According to Google, the newest version of Chrome considers any website using a SHA-1 certificate as insecure. Firefox is allegedly rolling out a similar change to its web browser. Since the vulnerability of SHA-1 was theorized back in 2005, and the hashing algorithm was officially deprecated by the National Institute of Standards and Technology (NIST) in 2011, many current systems have moved on and rely on more advanced encryption (though many applications still rely on SHA-1, thus the reason Google sought to prove its insecurity).
Ethereum is one of those projects currently using a more secure form of encryption. For hashing, Ethereum uses an algorithm known as Keccak-256. Confusingly, Ethereum referred to their algorithm as SHA-3 for some time, until the nomenclature was adjusted for clarity’s sake, and to ease the onboarding of new developers.
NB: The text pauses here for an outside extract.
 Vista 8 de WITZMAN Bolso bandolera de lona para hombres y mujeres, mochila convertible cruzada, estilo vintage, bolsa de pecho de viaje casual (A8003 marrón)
Ethereum’s Hudson Jameson gives a more technical explanation on Ethereum’s Stack Exchange, writing:
According to this, NIST changed the padding to SHA3-256(M) = KECCAK  (M || 01, 256); which was different than the original padding proposed by the Keccak team. It seems that now people are calling the ‘original’ SHA3 Keccak hashing ‘Keccak’ and the new NIST SHA3 standard as ‘SHA-3’.”
Essentially, the “official” SHA-3 wasn’t released until August 2015, but Ethereum’s development started in December 2013, which is why Ethereum effectively forked the unfinished SHA-3 into the Keccak-256 version.
Keccak-256 (and SHA-3) is still considered secure. Regarding proof-of-work and mining, Ethereum uses a bespoke algorithm called Ethash, which is also more secure than SHA-1. In conclusion, while SHA-1 may have been “broken,” your Ether is still safe.